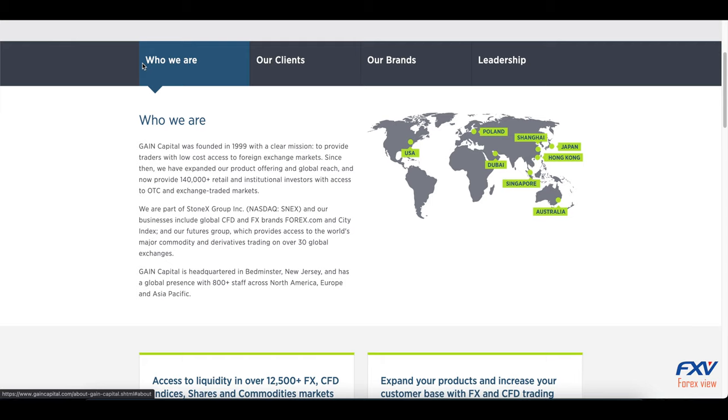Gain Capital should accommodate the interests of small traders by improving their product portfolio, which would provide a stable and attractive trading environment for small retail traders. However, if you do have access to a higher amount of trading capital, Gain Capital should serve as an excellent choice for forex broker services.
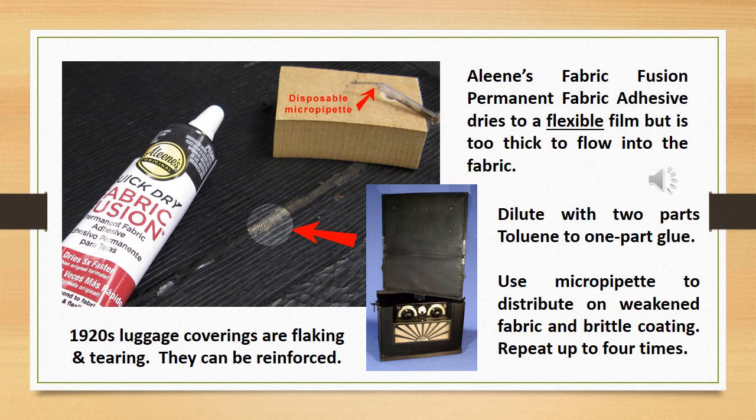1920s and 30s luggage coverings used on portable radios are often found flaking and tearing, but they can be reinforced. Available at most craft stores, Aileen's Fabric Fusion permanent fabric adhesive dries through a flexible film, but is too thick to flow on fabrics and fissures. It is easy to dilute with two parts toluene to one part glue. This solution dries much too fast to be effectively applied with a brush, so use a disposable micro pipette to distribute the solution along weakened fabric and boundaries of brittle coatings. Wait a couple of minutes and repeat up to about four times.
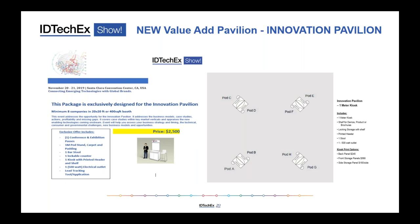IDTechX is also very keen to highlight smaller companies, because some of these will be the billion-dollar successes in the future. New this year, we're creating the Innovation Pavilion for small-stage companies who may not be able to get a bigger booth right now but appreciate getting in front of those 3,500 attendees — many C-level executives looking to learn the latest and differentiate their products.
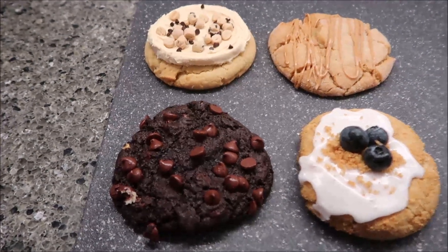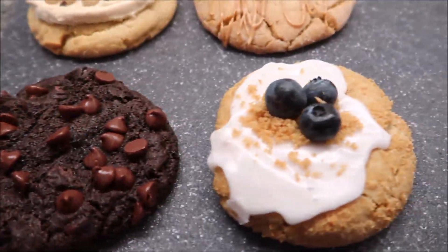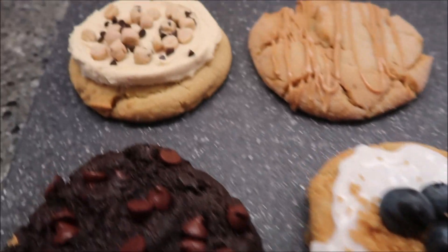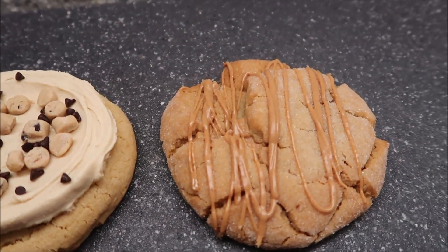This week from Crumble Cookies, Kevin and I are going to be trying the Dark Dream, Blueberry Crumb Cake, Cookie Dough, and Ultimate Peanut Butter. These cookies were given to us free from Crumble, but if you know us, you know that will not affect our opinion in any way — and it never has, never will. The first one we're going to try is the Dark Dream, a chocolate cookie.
--
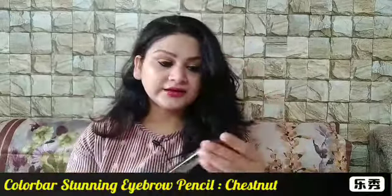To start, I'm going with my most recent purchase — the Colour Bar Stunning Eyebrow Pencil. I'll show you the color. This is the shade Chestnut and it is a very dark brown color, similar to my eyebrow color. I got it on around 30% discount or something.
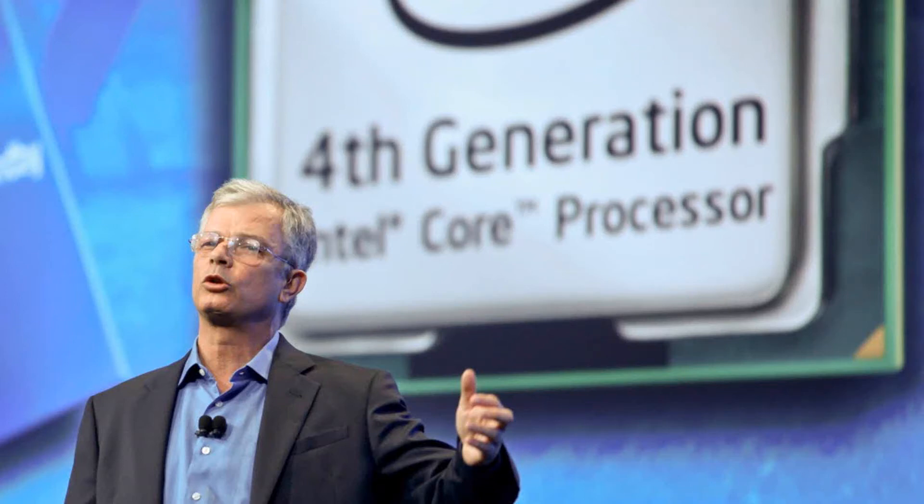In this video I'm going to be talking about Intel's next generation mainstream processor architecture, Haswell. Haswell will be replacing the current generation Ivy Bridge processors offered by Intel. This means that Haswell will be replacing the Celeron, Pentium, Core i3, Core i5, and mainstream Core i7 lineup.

Work to be completed: Go back to the listing above and write out the lines starting at the one with "1920s and 30s" and ending at the one with "This week from", inclusive, exactly and without pictures.

Answer section:
1920s and 30s luggage coverings used on portable radios are often found flaking and tearing, but they can be reinforced. Available at most craft stores, Aileen's Fabric Fusion permanent fabric adhesive dries through a flexible film, but is too thick to flow on fabrics and fissures. It is easy to dilute with two parts toluene to one part glue. This solution dries much too fast to be effectively applied with a brush, so use a disposable micro pipette to distribute the solution along weakened fabric and boundaries of brittle coatings. Wait a couple of minutes and repeat up to about four times.
IDTechX is also very keen to highlight smaller companies, because some of these will be the billion-dollar successes in the future. New this year, we're creating the Innovation Pavilion for small-stage companies who may not be able to get a bigger booth right now but appreciate getting in front of those 3,500 attendees — many C-level executives looking to learn the latest and differentiate their products.
This week from Crumble Cookies, Kevin and I are going to be trying the Dark Dream, Blueberry Crumb Cake, Cookie Dough, and Ultimate Peanut Butter. These cookies were given to us free from Crumble, but if you know us, you know that will not affect our opinion in any way — and it never has, never will. The first one we're going to try is the Dark Dream, a chocolate cookie.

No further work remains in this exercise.